Надо заметить, что и в этих дискуссиях само слово «травма» встречалось нечасто – больше говорилось о негативных эмоциях или сложных чувствах, осознании «психологического ресурса» [230]
, который позволял или не позволял бы человеку преодолеть страх перед насилием и «выйти на площадь». Таким образом, мы, с одной стороны, имеем дело с попытками предотвращения травмы с помощью трансляции психологического дискурса о ней. С другой стороны, пока люди не могут отрефлексировать происходящее, потенциально травматический опыт обозначается другим языком, другими понятиями. Интересно, что при всех разговорах о травмах прошлого, которые, возможно, имеют отношение к современным эмоциональным режимам страха и беспомощности, непосредственных исследований этой связи на российской почве по-прежнему немного.Наконец, травма может не только разъединять, но и соединять. Нередко использование этого слова – это обнаружение потребности в солидарности. К нему прибегают, когда возникает желание сплотиться. Действительно, совместные – и нередко ритуализированные – переживания тяжелых, трагических событий очень помогают солидаризироваться, и тогда перформативным высказыванием для определения сообщества становятся «травма войны», «травма сталинизма», «травма коммунизма», «травма голодомора», «травма лихих девяностых», «травма 11 сентября» и т. п. В результате возникают целые сообщества утраты – это, например, люди, переживающие конец советского режима как «крупнейшую геополитическую катастрофу XX века». Здесь группой, которая что-либо потеряла, у которой что-либо отняли, переживается событие, случившееся не с ее членами непосредственно, а с их предками: «все, что было не со мной, помню» – и, соответственно, помню не документально, а эмоционально. Это ресентимент об отнятом, несправедливо потерянном. Если бы советские политики имели в арсенале понятие травмы, они наверняка могли бы говорить о «травме самодержавия». В этой связи интересно: что и при каких условиях делает утрату утратой? Здесь перформативность понятия становится очевидной: только то, о чем некоторые коллективные «мы» договорились как об утрате или травме, делает травму «работающим концептом». Работать он при этом может на достижение самых разных целей.

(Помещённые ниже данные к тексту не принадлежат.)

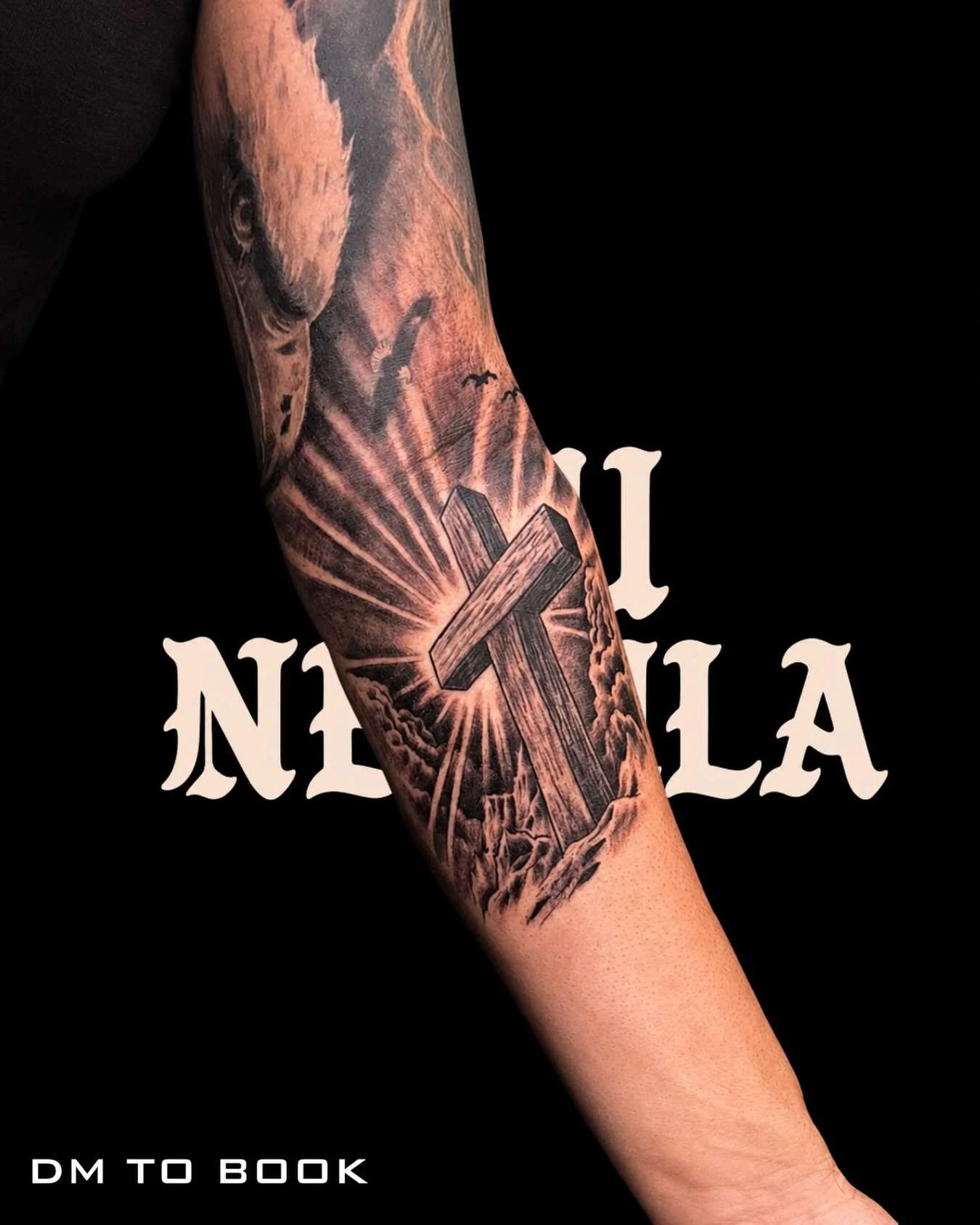 Folding fan forearm tattoo in black and grey, tattooed at Nu Nebula Tattoo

В таком контексте утрата – это то, что объединяет для того, чтобы противостоять; для того, чтобы бороться с врагом; для того, чтобы максимально защититься от любой уязвимости. И в этом смысле мы можем говорить о возникновении своего рода травматического объединения. Такое объединение может быть достаточно устойчивым, однако оно не способствует формированию настоящей публичной сферы, где возможен был бы полноценный обмен мнениями. Если мы объединяемся вокруг ресентимента, как обиженные, недолюбленные, недопризнанные коллективным «Западом», то наше «чувство локтя» иллюзорно – нам нечего обсуждать, нет необходимости находить точки соприкосновения.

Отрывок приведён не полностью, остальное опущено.